Makes 2 small cheese cakes or 8 cupcake-sized
What you need:
For the crust:
1/3 cup nuts of your choice, almonds and cashews work well
1/3 cup pitted dates
1 cup cashews soaked overnight then drained
1/4 cup Terrasoul coconut oil, melted on low heat
10 peeled and pitted fresh dates
1/4 cup unsweetened almond milk (if needed)
Juice and zest of 1/2 lemon
1/4 cup fresh or thawed raspberries
1 tsp Arctic Berries Cranberry or Lingonberry Powder
1 1/2 tbs Terrasoul cacao powder
1 tbs melted Terrasoul coconut oil
1. Chop the nuts and dates for the bottom layer coarsely and press out into one or two small spring-form pans (depending on size) or silicone cupcake molds. |
2. Place all the ingredients for the cheesecake filling, except for the almond milk, in a powerful food processor or blender and blend until completely smooth.

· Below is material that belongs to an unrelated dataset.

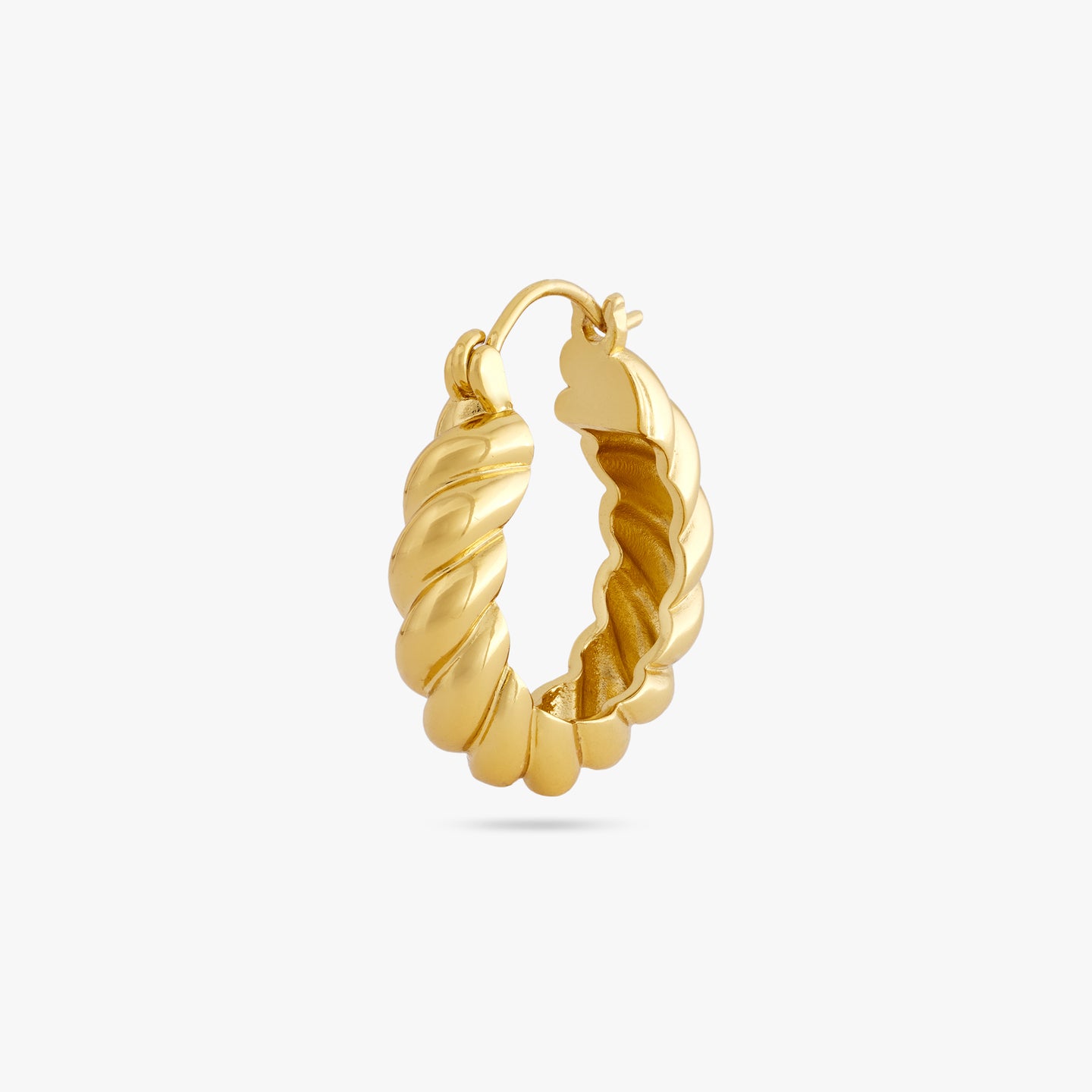 A medium sized gold hoop with french twist detailing color:null|gold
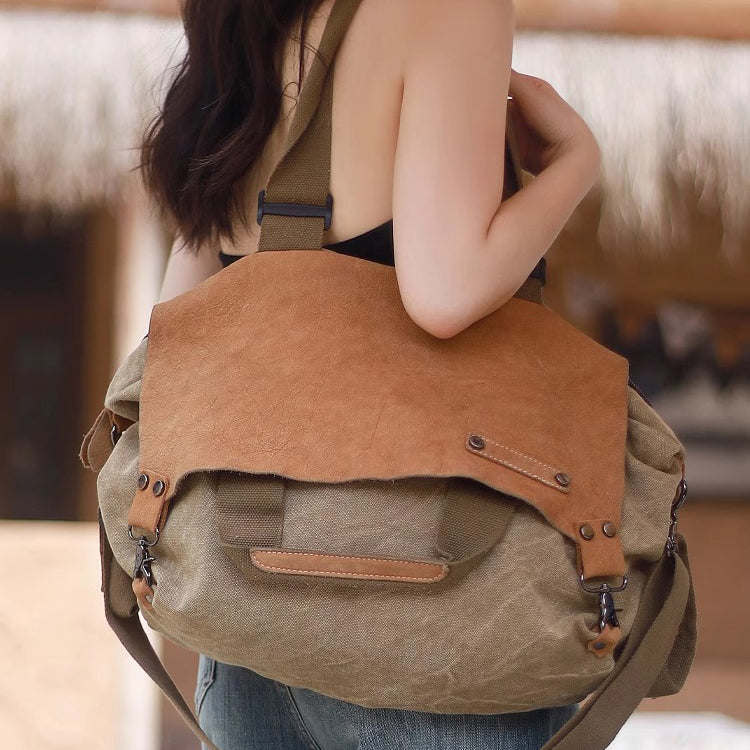 Woman carrying a soft leather canvas weekend bag in natural tones, showcasing the distressed top-grain leather and large tote design.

Add the almond milk by the spoonful, if needed.
3. Add two-thirds of the mixture into two different bowls, leaving the last third in the blender.
4. Add the raspberries and Lingonberry or Cranberry Powder into the blender with the last third, and blend until smooth.
5. Mix in cacao powder and coconut oil to one of the thirds that are in the bowls to make the chocolate layer. Stir well until the color looks even enough.
6. Layer the three different mixtures into the spring-form pan(s) or cupcake molds and place in the freezer until set.
7. Optional: Decorate with melted chocolate!
**Remember to make sure to remove the cheesecakes from the freezer at least 20 minutes before serving!